Almost a year after violent protests against Danish cartoons of the Prophet Mohammad, the editor who commissioned the drawings said they had prompted a vital debate on the integration of Islam in the West.
Flemming Rose, culture editor of daily Jyllands-Posten, said on Wednesday he had published the 12 cartoons depicting Mohammad to defend free expression against what he saw as self-censorship over Islam in Denmark and Europe.
The cartoons sparked protests
by Muslims around the world in which at least 50 people died. Many Muslims regard any image of the Prophet as blasphemous.
"The cartoons didn't create a new reality, they just made an existing reality visible.
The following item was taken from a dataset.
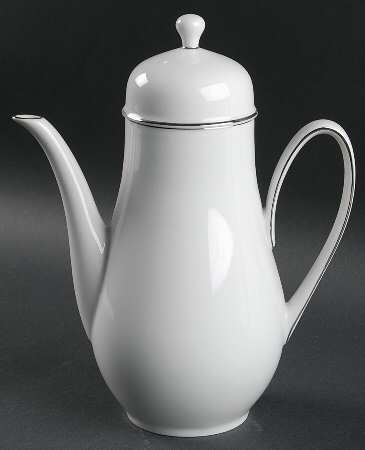 Olivia Platinum Coffee Pot & Lid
This reality is about differences in culture that have been taboo to discuss in Europe," Rose told a news conference.
Rose declined to say if he would publish the cartoons again but added he did not accept the premise that the protests and deaths were a direct result of the drawings.
Jyllands-Posten published the 12 cartoons in September 2005 about Mohammad, including one depicting the founder of Islam with a bomb in his turban.
Protests in the Middle East and elsewhere erupted in earnest in late January last year, culminating in early February.
Jyllands-Posten apologized for the offence the cartoons caused but said it had the right to publish material even if it was deemed offensive by some people.
"Of course a drawing in a newspaper is never worth even a single life, but I just don't accept the direct connection between our drawings and that people were killed," he said.
Rose added that if he said he would not publish the cartoons again, it would send a signal that intimidation, threats and violence could be used to silence critics.